Arlene Clarke, a retired teacher, realized it was time to go after the devastation of Fiona. She felt the pull to be near her children and grandchildren in St. John’s. And the town no longer felt familiar. “People were withdrawn and wary,” said Ms. Clarke, who lived there with her husband for 40 years. “The sense of loss was overwhelming. There’s a quiet and stillness surrounding the area. People are saddened by the loss, and you can feel it.”

The power of the Atlantic has long been a source of trauma and loss for the people of Newfoundland and Labrador. But after Fiona, in the face of rising sea levels, warming ocean temperatures and predictions that climate change will yield ever more ferocious and frequent storms in the future, even townspeople who for generations lived and worked on the ocean are scared.

Ms. Strickland, a 46-year-old employment counsellor, spoke with a shaky voice as she described a new fear of the ocean that overwhelms her when she travels into the town. “The ocean certainly always gave us a sense of peace and calm, but now that’s changed,” her husband added.

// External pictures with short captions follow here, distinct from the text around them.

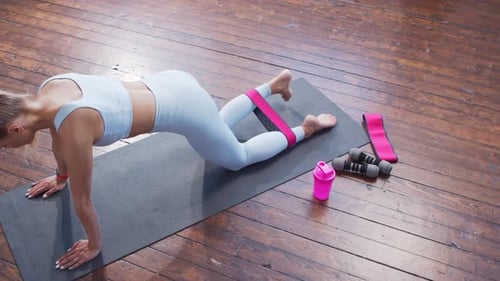 Female Does Plank with Exercise Band on Yoga Mat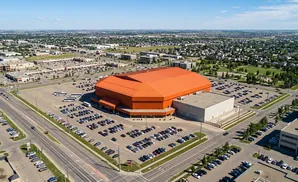Aerial view of an orange domed arena with a large parking lot, surrounded by commercial buildings and residential neighborhoods.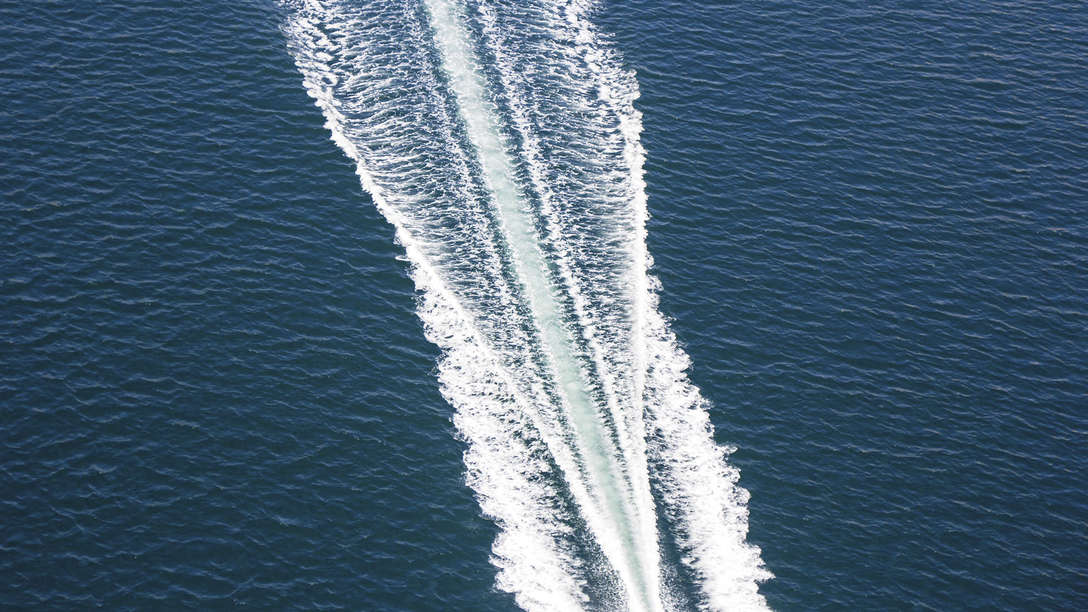 scenic aerial photo of the wake of a powerboat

All told, Port aux Basques residents lost about 100 homes in a community of 4,000. Inflation has made it harder for residents to build again, and many are questioning whether it is worth it to do so.

There are many, however, who are not giving up on Port aux Basques. There is a prevailing desire among politicians and business owners to turn the page and look to the future – the impetus behind a recent trade show organized by the local chamber of commerce.

Provincial Minister of Industry, Energy and Technology Andrew Parsons, who is from the town, spoke about the bright future in mining and wind-powered hydrogen production for the area at the event last month.

“I think there’s more to look forward to than there has been for some time,” Mr. Parsons said during an interview, referring to the potential to produce “green hydrogen” by harnessing wind energy, a proposed wind-hydrogen project to export the fuel to Europe by 2025 and a growing number of mineral exploration applications. “I think there’s going to be economic opportunity that our kids and our grandkids are going to benefit from.”

Housing poses a challenge, as it does everywhere in the country, but especially so in a town of 4,000 where 100 homes have been lost. “That has a huge effect on the area,” Mr. Parsons said. “That’s the biggest issue we’re facing right now. … When you throw in the cost of living and inflationary measures, again it’s having an impact on the rebuild.”

The province says it has offered 99 settlement packages to residents in six communities, averaging about $405,000 each. All but a few have been processed. Some still haven’t decided where they will live. Others are waiting to see if the province decides to demolish more homes.

Meanwhile, the small cove where Mr. Strickland and his family lived for generations has gone dark. At night the constellation of porch lights and the glimmer of TVs is gone. During the day, the screeches of gulls and hubbub on the wharf have been replaced by jackhammers and rumbling dump trucks carting off people’s lives, and a way of life, one load at a time. For now, or as of this writing, Mr. Strickland’s home was the last one standing – soon to be demolished like the others in the old part of town.